This is just one of the surprising ways Chicago’s lakefront has changed over time. Did you know that Grant Park was once a disgusting lagoon filled with dead livestock and other debris? Or that the Gold Coast was once a sandbar filled with brothels and saloons? Or that we once sold the lakefront to a railroad company? Or that Richard J. Daley wanted to build an island in the lake 20-miles long? Chicago history is full of politics, surprises — and a lot of dirt.

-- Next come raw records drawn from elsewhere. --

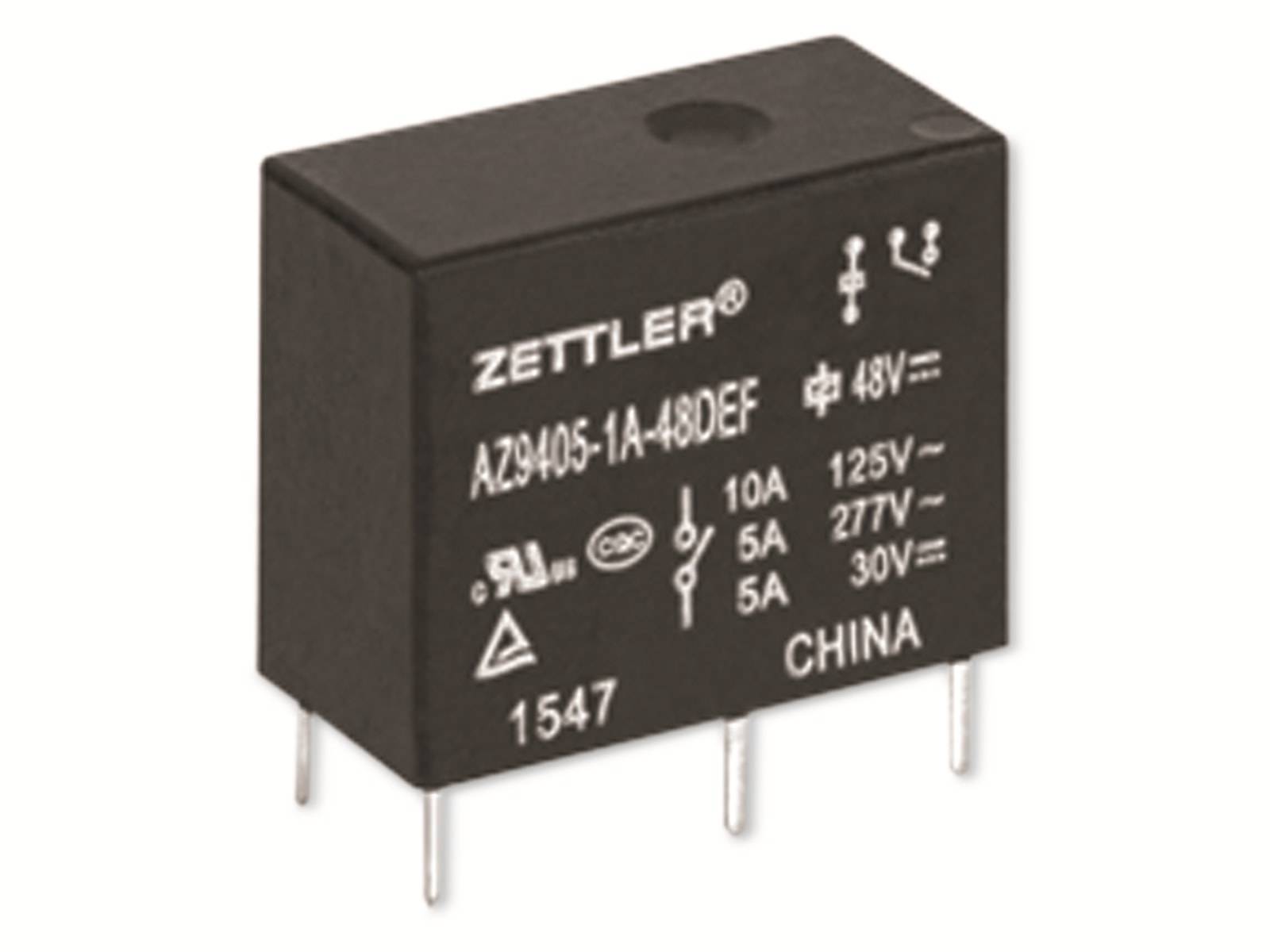 ZETTLER Printrelais, AZ9405-1A-24DSEF, 24V, 1 Schließer, 30V/DC, THT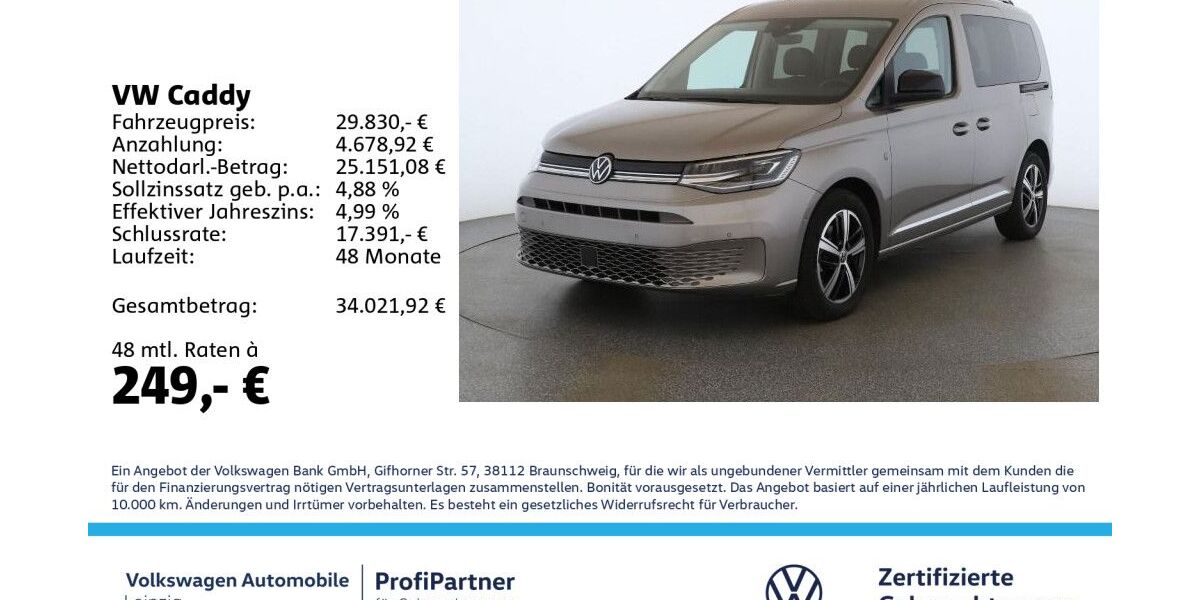 VW Caddy 41.761 km 29.830 &euro; Leipzig 04178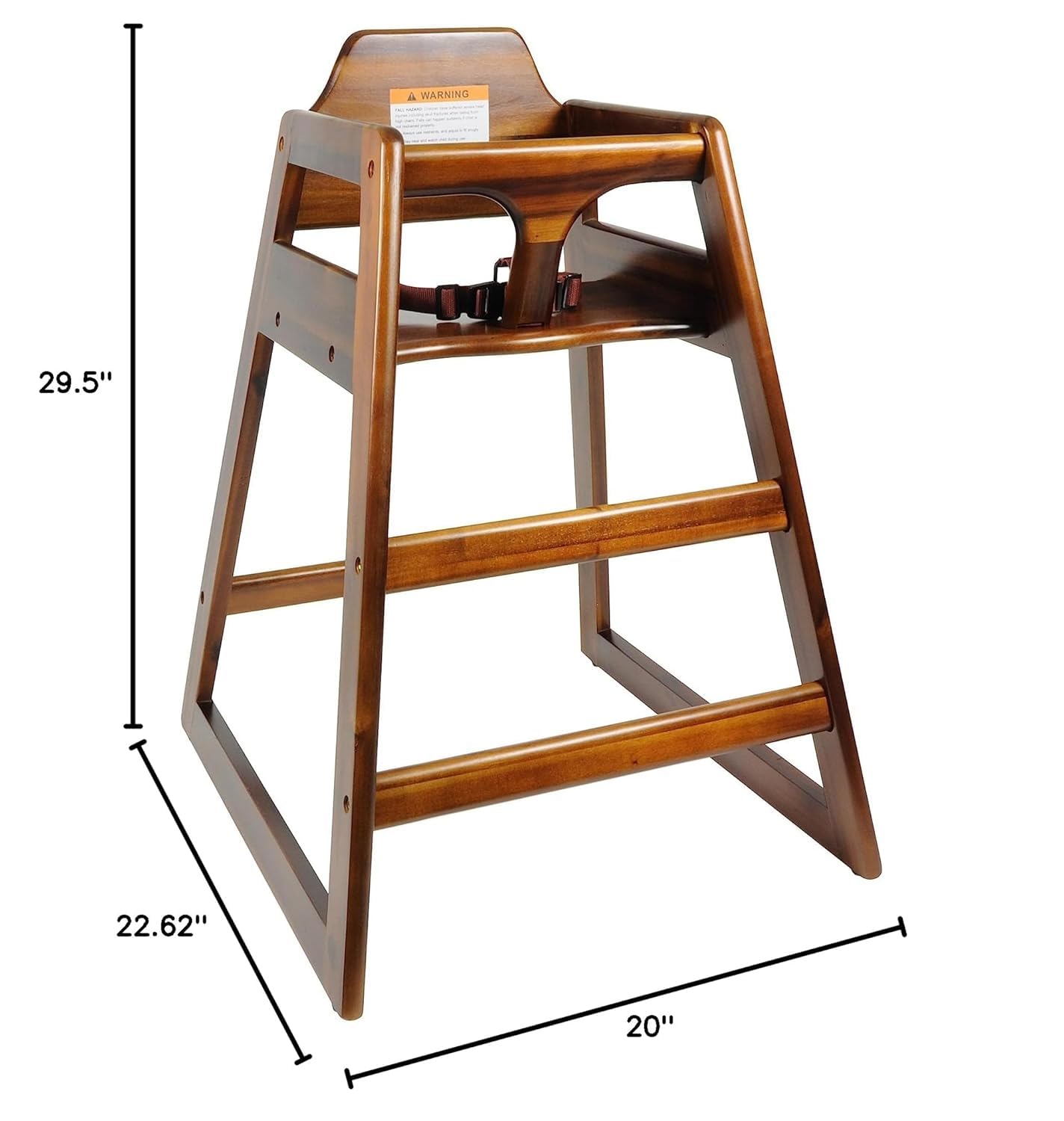 Wood Children High Chair with Safety Belt Wood Finished- Knock-Down Package Commercial Grade Children High Stool Dining Chair for Restaurant & Home Use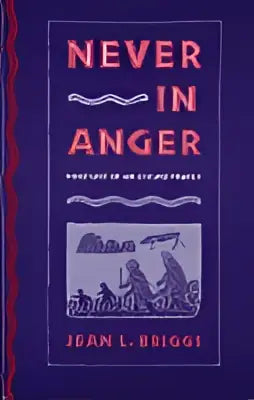 De boekomslag van never in anger door jean l toont een portret van een eskimofamilie in een diepblauwe achtergrond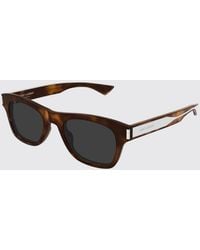 Saint Laurent - Acetate Aviator Sunglasses With Rectangular Shape And Logo - Lyst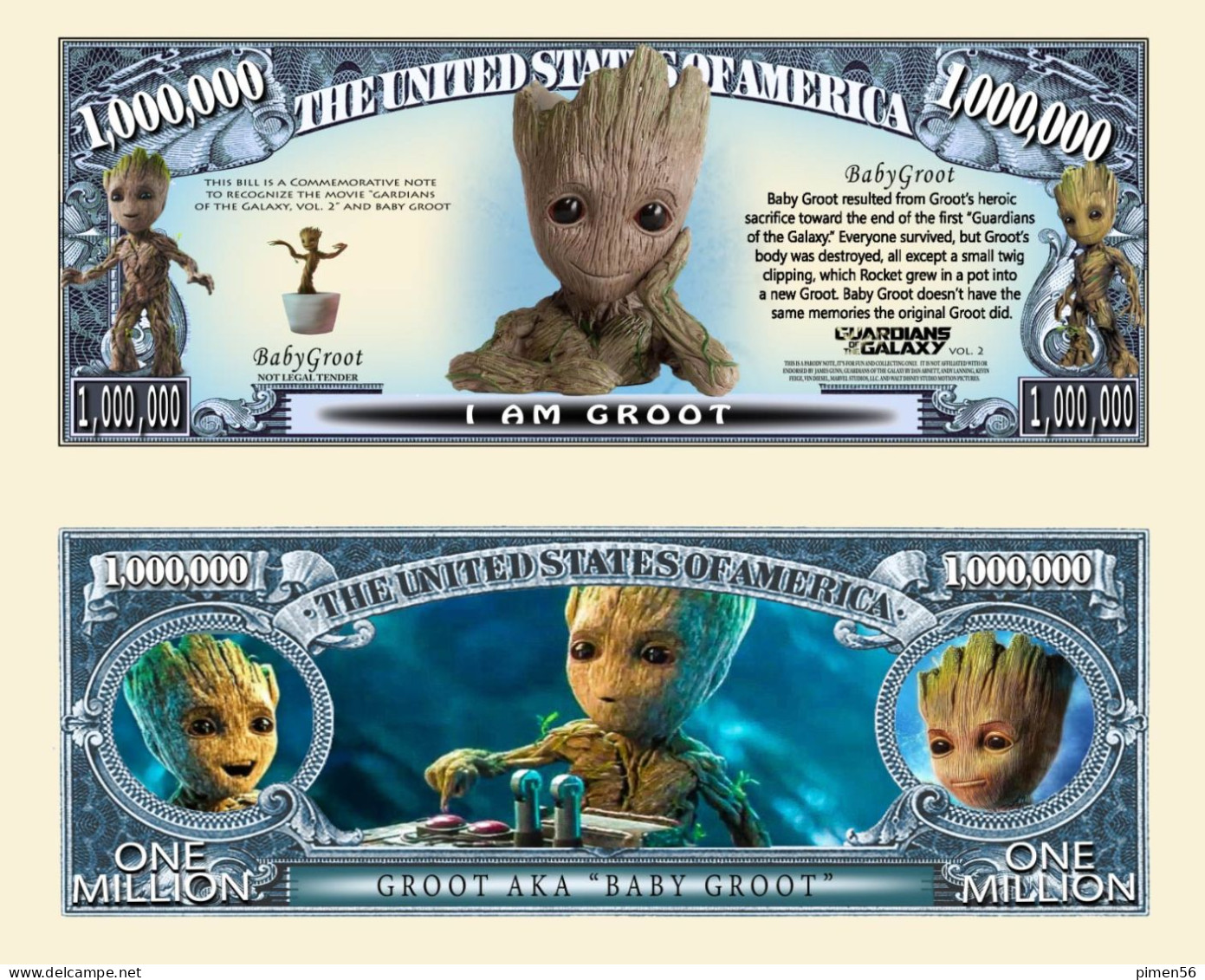 USA - FANTASY NOTE - BABY  GROOT , GUARDIANS  OF  THE  GALAXY , VOL. 2 - UNC / SERIES  MOVIES - Autres & Non Classés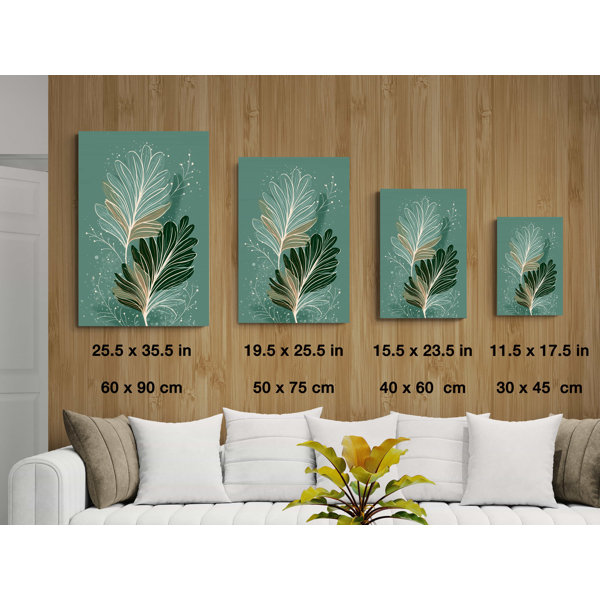 Latitude Run® Modern Botanical Tempered Glass Wall Art - Abstract Leaf ...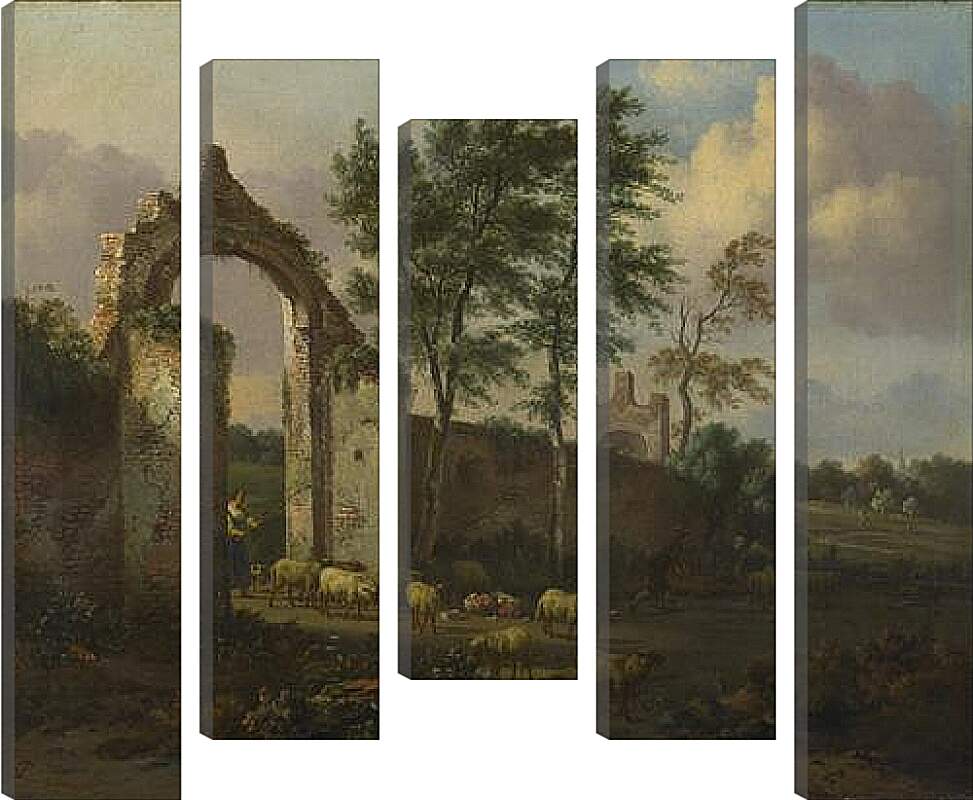 Модульная картина - A Landscape with a Ruined Archway. Ян Вейнантс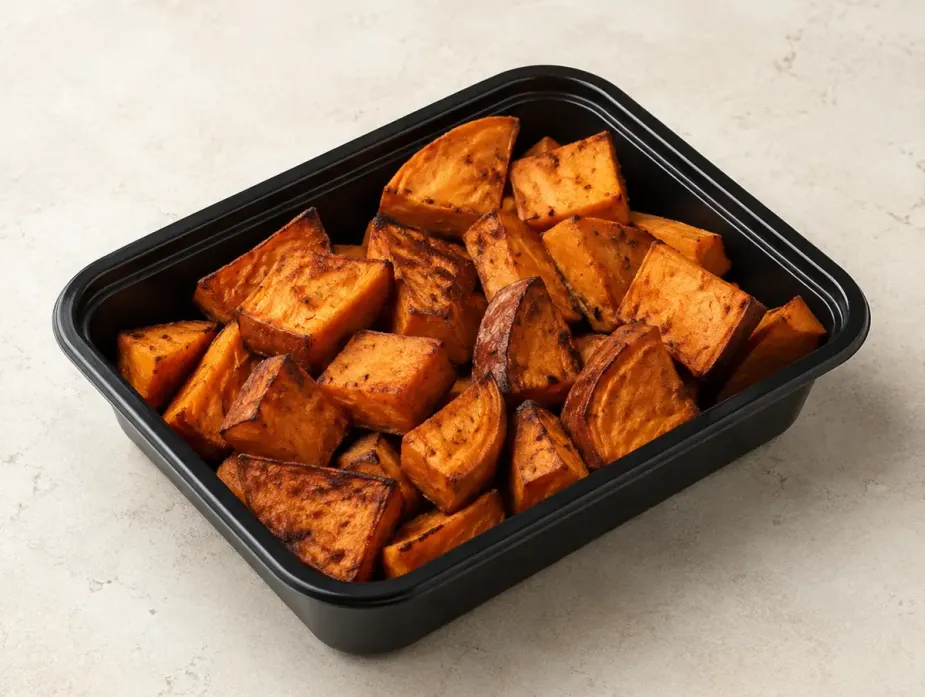 Roasted Sweet Potatoes in a black meal-prep container.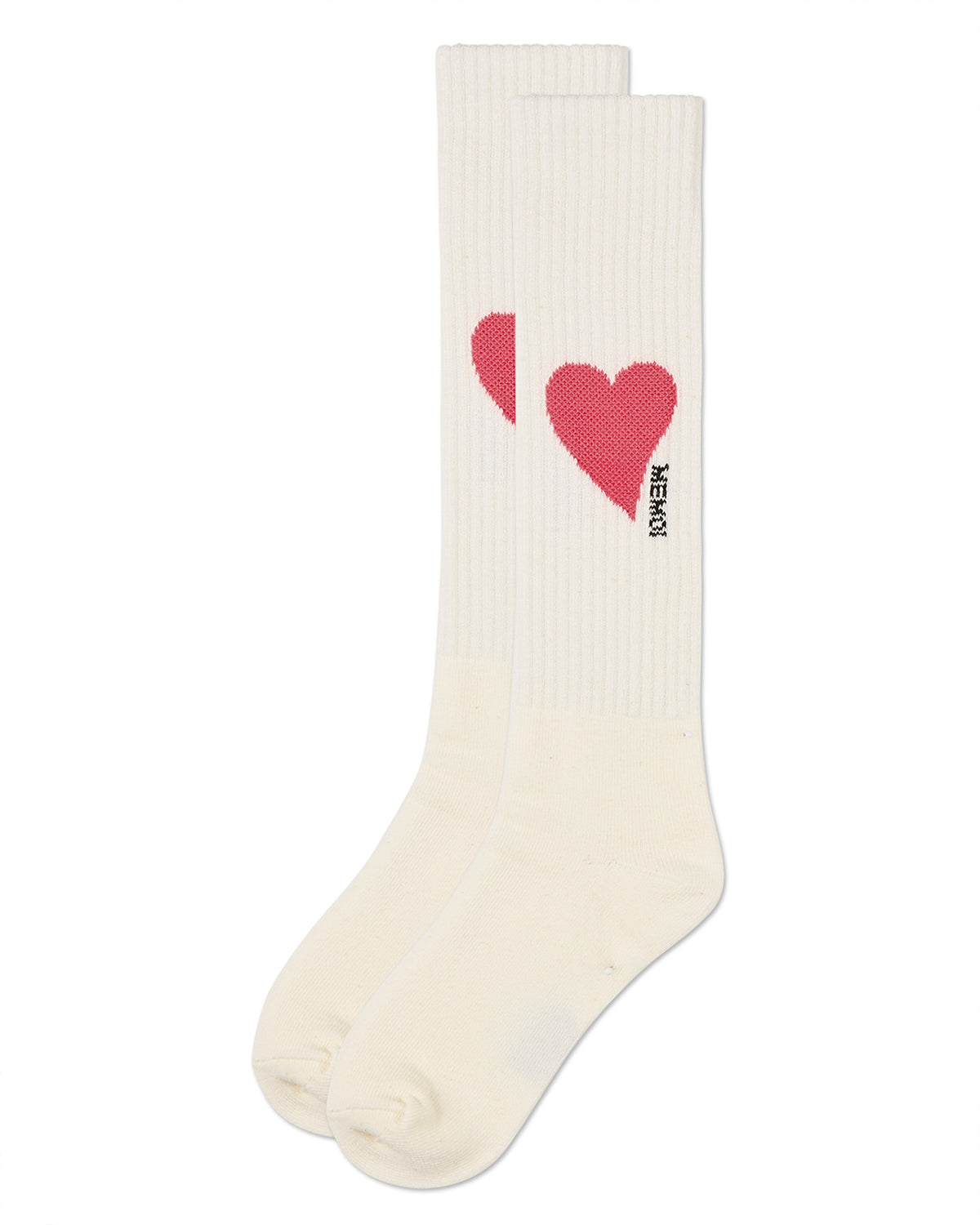 Girls' Single Heart Logo Knee High Socks : Color: Black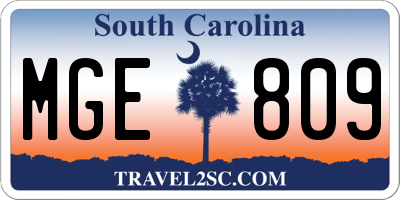 SC license plate MGE809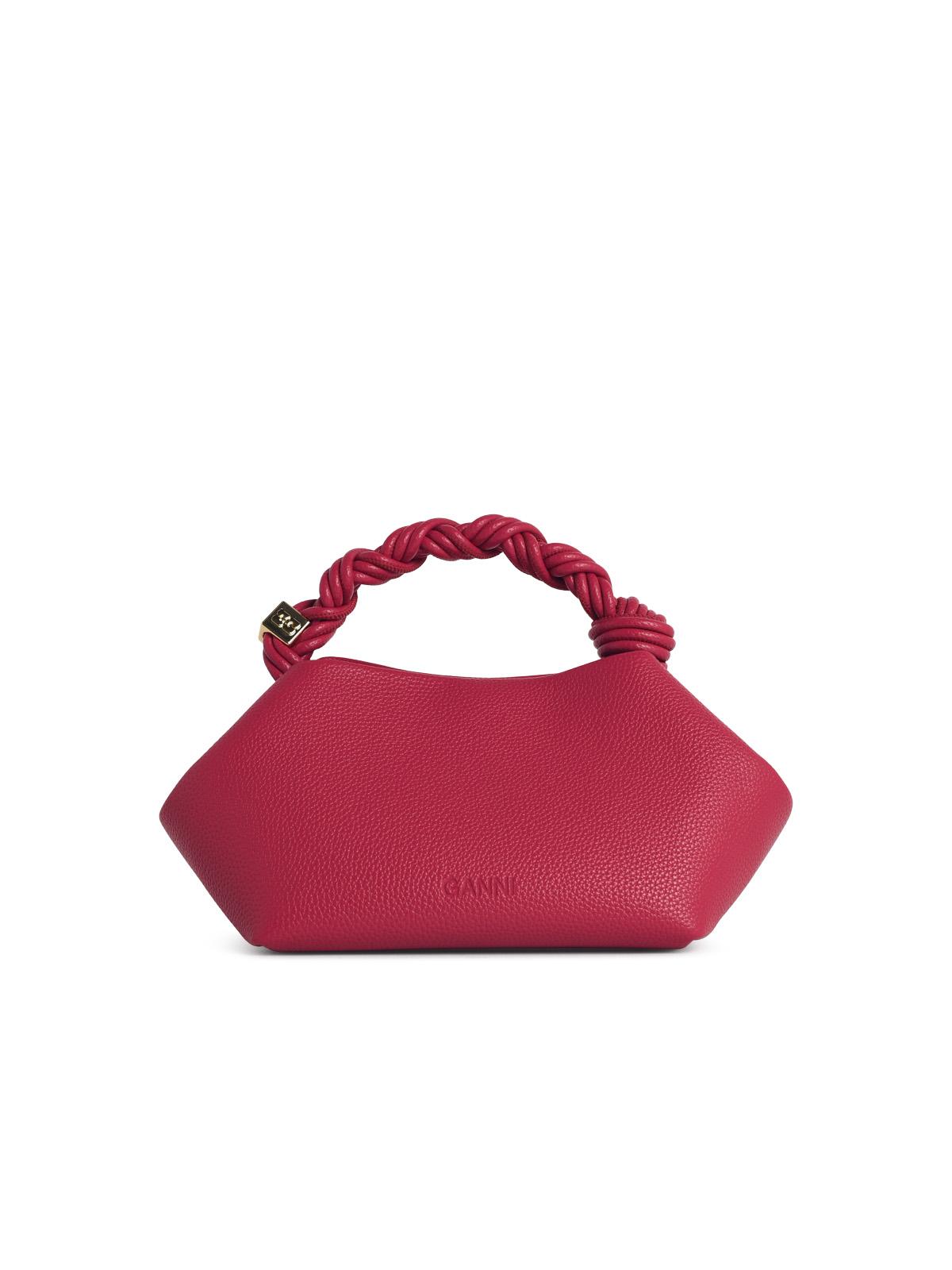 Ganni Small 'Bou' Bag In Persian Red Hammered Lear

I’ve been reporting this subject for WBEZ’s Curious City, and my story is finally out today. Check out the story here, the rest of the incredible photos here and an amazing collection of historic maps provided by The Newberry here. Other than coming away with a much better grasp of Chicago history, and a renewed appreciation for how complicated planning and development always is, one of the best part for me was talking to the Chicago Tribune‘s architecture critic Blair Kamin, and to Lois Wille, who wrote the book Forever Open, Clear and Free. Both Kamin and Wille are Pulitzer Prize winners — and great interviewees.
I’ll also be on the Afternoon Shift with Rick Kogan today at 3:45 p.m. I’ll post the audio later, but tune in if you’re around! Miriam Reuter, the woman whose question spawned the story, will join us as well.
Update 12/13/12: If you missed it, here’s the audio from my appearance on The Afternoon Shift. Editor Shawn Allee described me afterwards as sounding “geeked.” I think he’s right!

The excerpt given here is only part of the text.